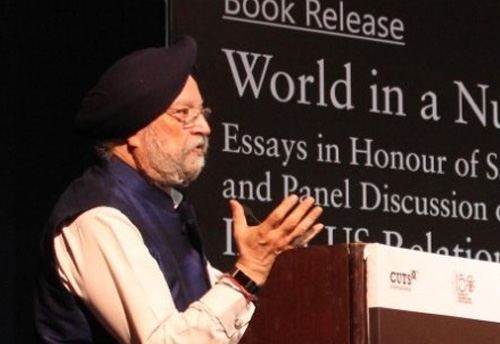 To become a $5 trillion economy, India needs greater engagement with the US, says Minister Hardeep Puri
◆ ◆ ◆ ◆ ◆ ◆ ◆
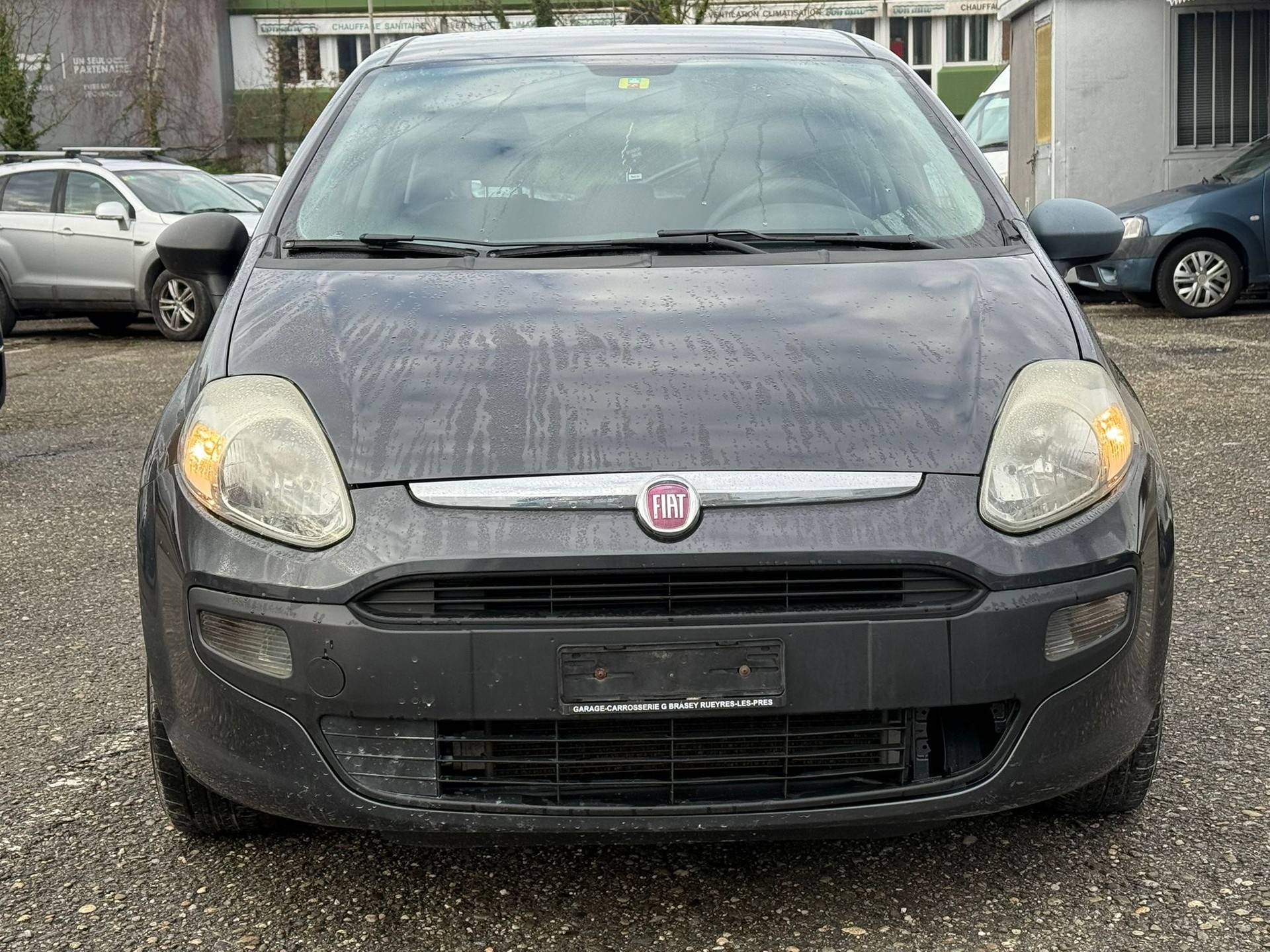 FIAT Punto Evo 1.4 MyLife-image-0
◆ ◆ ◆ ◆ ◆ ◆ ◆
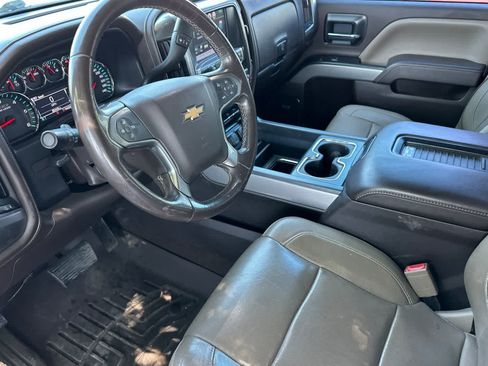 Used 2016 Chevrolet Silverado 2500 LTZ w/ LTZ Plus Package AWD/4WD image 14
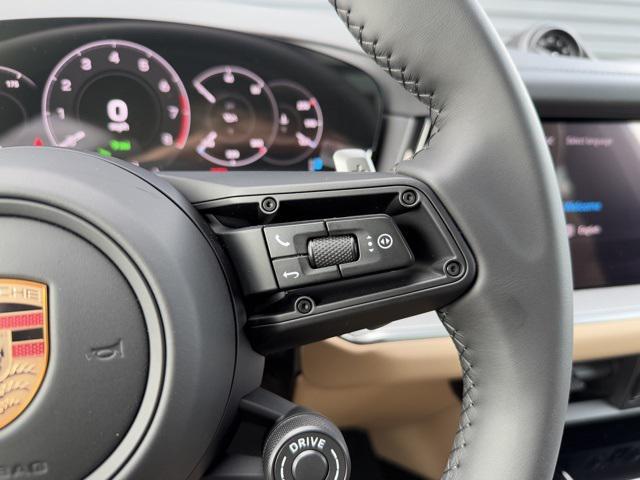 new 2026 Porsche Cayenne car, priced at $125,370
◆ ◆ ◆ ◆ ◆ ◆ ◆
About this exercise — Above are some entries; copy exactly the lines from the line with "Used 2016 Chevrolet" through the line with "new 2026 Porsche", both included, but none of the pictures.

Answer to this task —
 Used 2016 Chevrolet Silverado 2500 LTZ w/ LTZ Plus Package AWD/4WD image 14
 new 2026 Porsche Cayenne car, priced at $125,370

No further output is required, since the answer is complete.